Above, you will see a picture from the anime called ‘One Piece’. Don’t go running away yet because there’s a point. In the scene, you have one of the heroes named Sanji (blonde) with a villain named Ghin (guy on the floor). Ghin is part of an ‘evil’ pirate crew and actually one of the more violent members since he’s second to their captain. Yet, here he arrives at the floating restaurant starving and is denied food since he has no money. Sanji refuse to let people starve to death, so he feeds him. This results in a later scene where Ghin, under orders to kill Sanji, can’t do it and begs his bloodthirsty captain to show mercy. There’s also a sacrifice and major change of character for Ghin, which stems entirely from the single act of Sanji giving him food when he was dying. So, kindness changed the heart of a villain.
I’m sure some people are already rolling their eyes because it can’t possibly be this easy to change a villain. I mean, you could say the power of food combined with a state of desperation and vulnerability. You could also point out that it’s a cartoon/manga, which many think are aimed at children. Anime and manga really isn’t just for kids, but I digress there. The thing here is that Ghin reveals he has had a tough life and that’s what lead to him being a villain. Sanji could very well be the first person to show him any kindness and treat him like a human being. That can go an amazingly long way with a villain who still holds some humanity. Even in reality, you would be surprised how often a single act of compassion can turn a person around.
In comparison, his captain, Don Kreig, sees everyone as an expendable tool and Sanji giving him food to prevent him from dying is met with a clothesline to the throat. He goes on to try to kill everyone and take the restaurant that gave him enough food for his starving crew. Then, he fires a gas weapon that threatens even his own men, which shows how evil he is. So, you can see that the same act doesn’t work on everyone. Ghin and Don Krieg are both pirates with violent, evil streaks, but one still holds onto a spark of his humanity while the other is pure villain.
That spark is an important thing to consider too when writing your villains. Do they have anything that appeals to their human nature? It can be an act or something rather sweet like animals or children. In Legends of Windemere, Baron Kernaghan shows a soft spot for a little girl and a cat. Sure, he transforms them into creatures, but he still shows that he cares about them. To be fair, neither would have survived in the Chaos Void in their original forms. Now, this didn’t change the Baron, but it showed that he wasn’t 100% bad. That’s the type of villain that appeals to audiences nowadays. They want to see that there is something relatable in there and maybe even the hope of redemption.
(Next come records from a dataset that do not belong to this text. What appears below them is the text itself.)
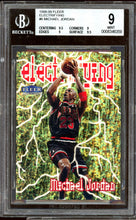 Load image into Gallery viewer, 1998 Fleer Tradition Electrifying Michael Jordan HOF Chicago Bulls BGS 9
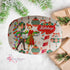 Kate McEnroe New York Mid Mod Retro Vintage 50s Happy Holidays Hostess Platter, MCM Party ServewareServing PlattersHHPL - 01
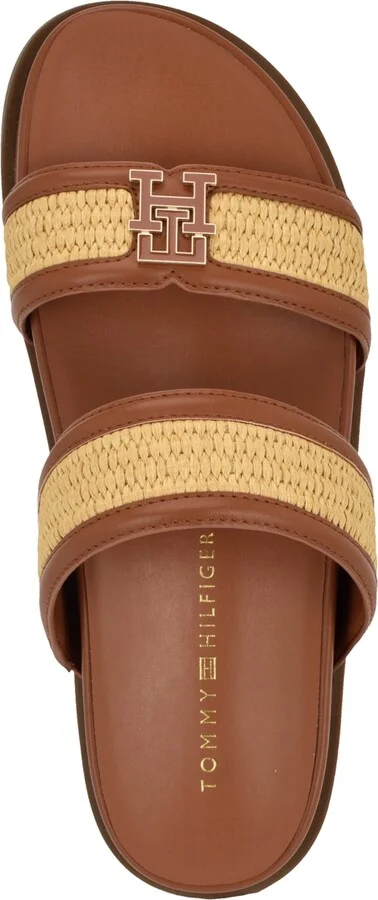 Tommy Hilfiger Women's Jiana Logo Footbed Slip-On Sandals - Image 4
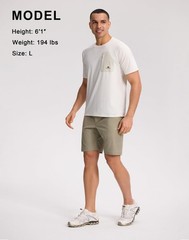 Men’s Quick Dry Shirts Anti-Odor Workout Athletic T-Shirts Lightweight Breath…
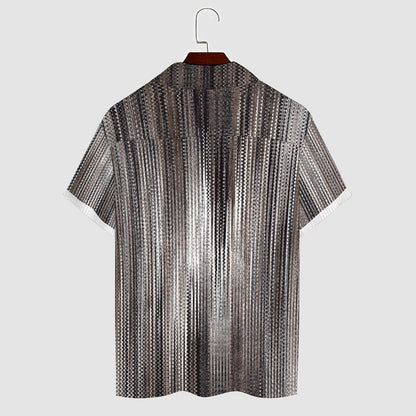 Men Hawaiian Casual Short Sleeve Shirt 2307100355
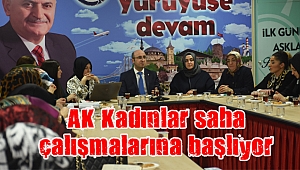 AK Kadınlar saha çalışmalarına başlıyor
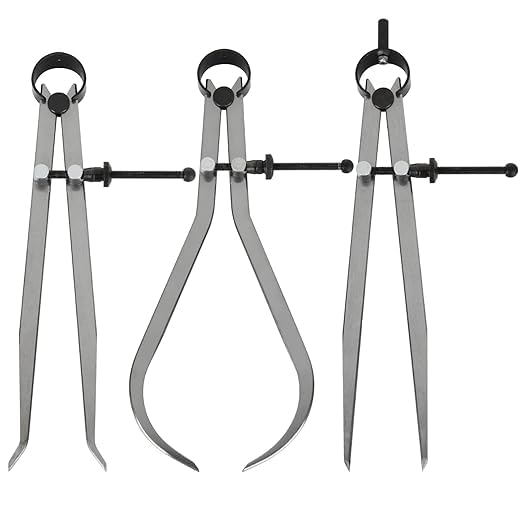 8" Inch Spring Caliper Set of 3 Pieces 200mm - Inside Outside & Divider Set - Measuring Tool, Workshop, Tool Room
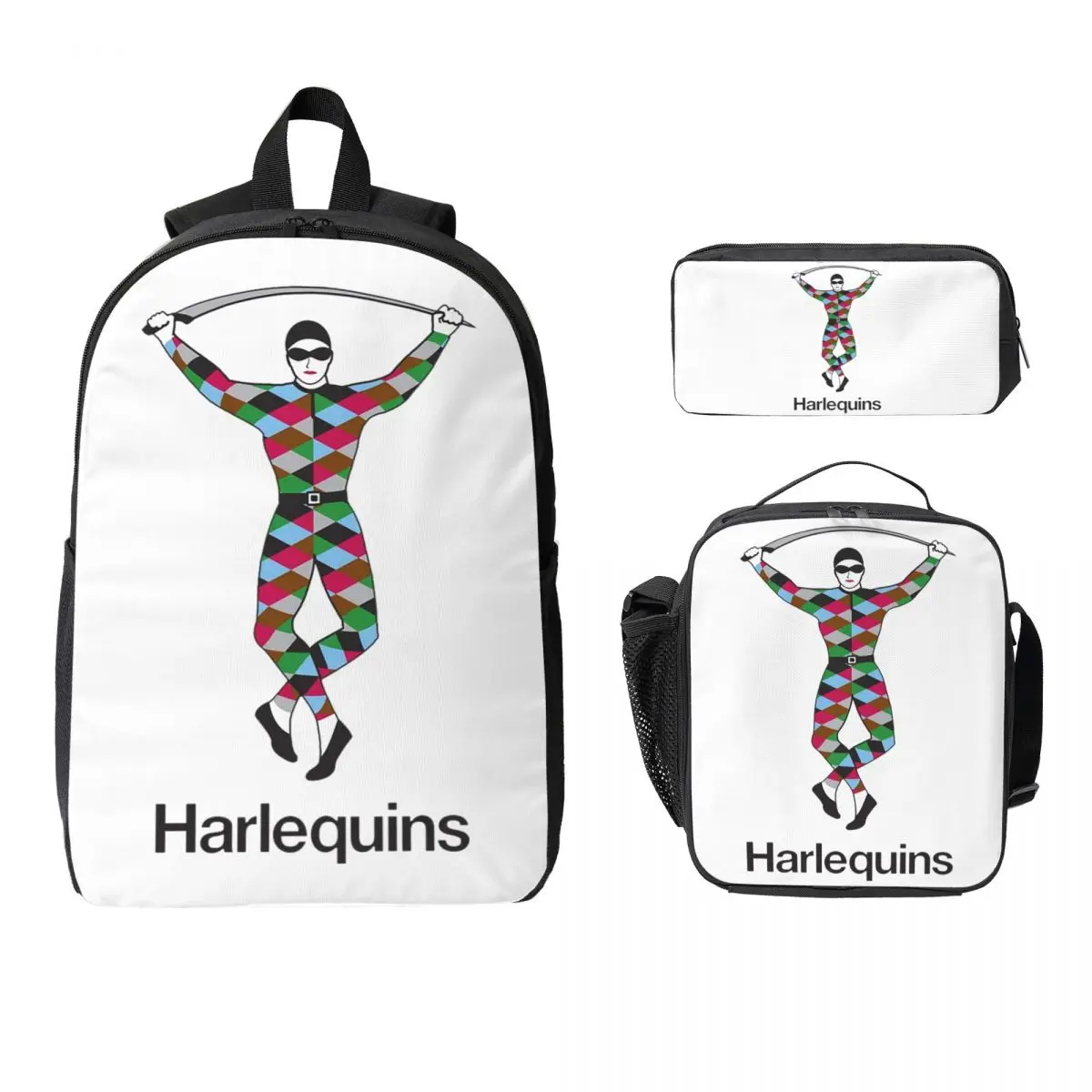 Harlequins-Merch Backpack Boys Girls BookBag School Bag Laptop Shoulder Bags 3ps Insulated Lunch Bag Pencil Case
Harlequins-Merch Backpack Boys Girls BookBag School Bag Laptop Shoulder Bags 3ps Insulated Lunch Bag Pencil Case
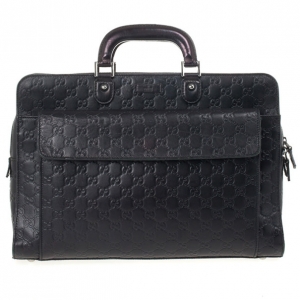 Gucci Guccissima Briefcase with Laptop Compartment 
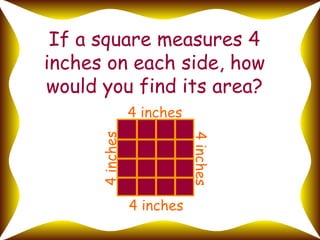Square and square roots | PPT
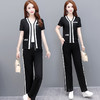 YWE 68127气质优雅休闲时尚两件套装打底衫休闲裤子 商品缩略图3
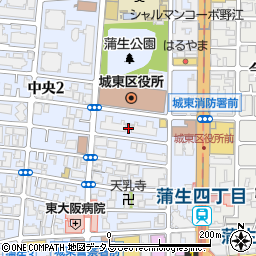 日商岩井野江マンション周辺の地図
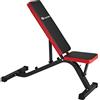 TecTake Regolabile Panca multiangolare Allenamento Panca Piana | appoggio Schiena e Sedile Regolabile | (lungh. x largh. x H) 116x51x122 cm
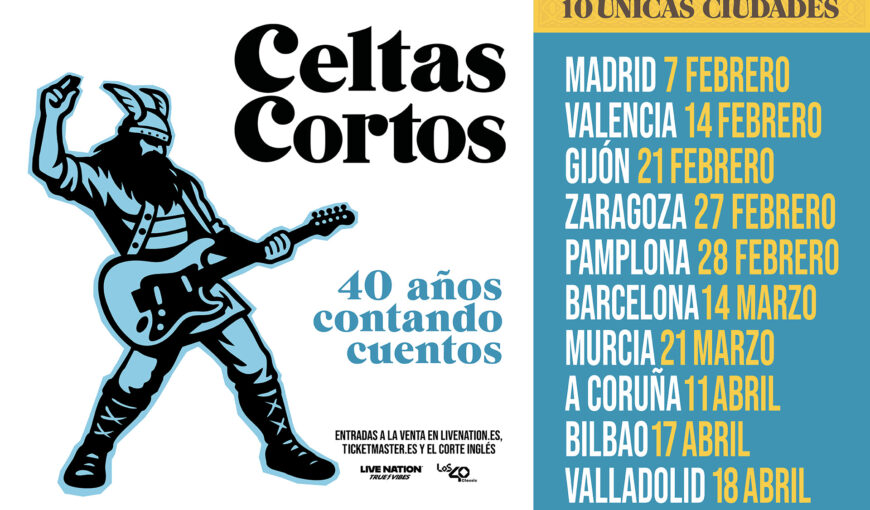 Celtas Cortos. Gira "40 años contando cuentos"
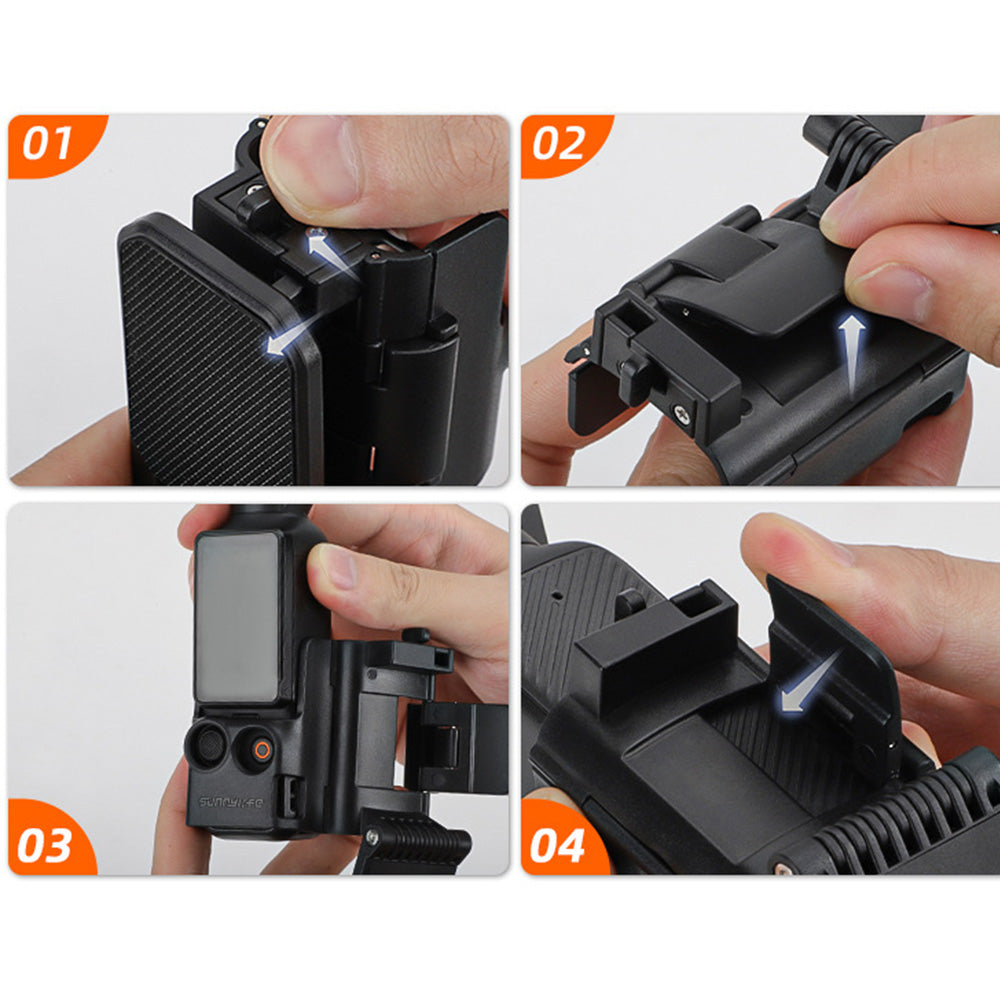 Adjustable Mount Stand Clamp Holder for Desktop Vertical Surface Compatible with DJI Osmo Pocket 3
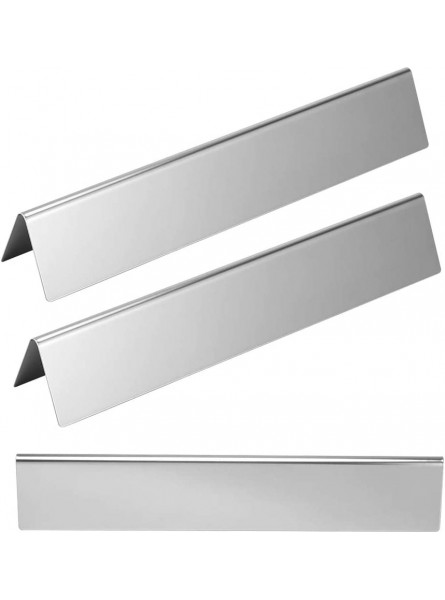 LIUTT Household kitchen accessories 3pcs Stainless Steel Gas Grill Heat Shield Plate Burners Cover Replacement Parts Fit for Weber Series Grill - GXCA4V03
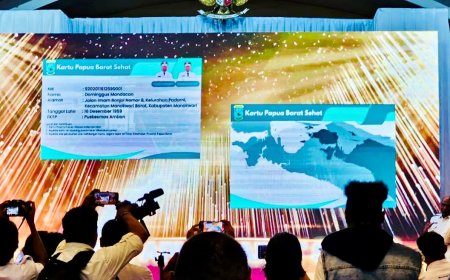 Harap OAP Terjamin Kesehatannya, Gubernur Luncurkan Kartu Papua Barat Sehat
To reach that turning point, an act of kindness is something that can go a long way. You don’t have to make the two happen in quick succession. There can be the kindness and then a trigger for the change down the road. It can be the person who was kind or an item that reminds the villain of that time. A key point is that it doesn’t just change them immediately too. The reason you need time is because the initial act causes them to doubt their actions and path of villainy. They see that tiny thing grow into an internal counter argument for what they have been doing. Truthfully, this tends to work better with secondary villains than the big baddies. That is unless a disaster is started by the main villain and the act of kindness bubbles into their mind to have them realize they made a mistake. It may sound cliche, but you’d be surprised how often people will stay on the wrong course and then come to a triggered epiphany at the eleventh hour. You just have to make it flow.
Personally, I like this twist in a story because it can show a lot of humanity. You have the villain getting a new dimension that can change him or her for the better. You have the person who saw beyond the evil or was ignorant of it, so they treated this person that the audience should hate as a human being. I know we’re always tempted to have the villain come close to redemption and then have them stomp on the act of kindness, which might be a sign of our cynical time. It’s almost like that’s the new standard and having it change the villain is the surprising twist. Of course, there are plenty of levels in between that you can run with depending on your story. It’s all up to you and what you feel is right for what you’re doing.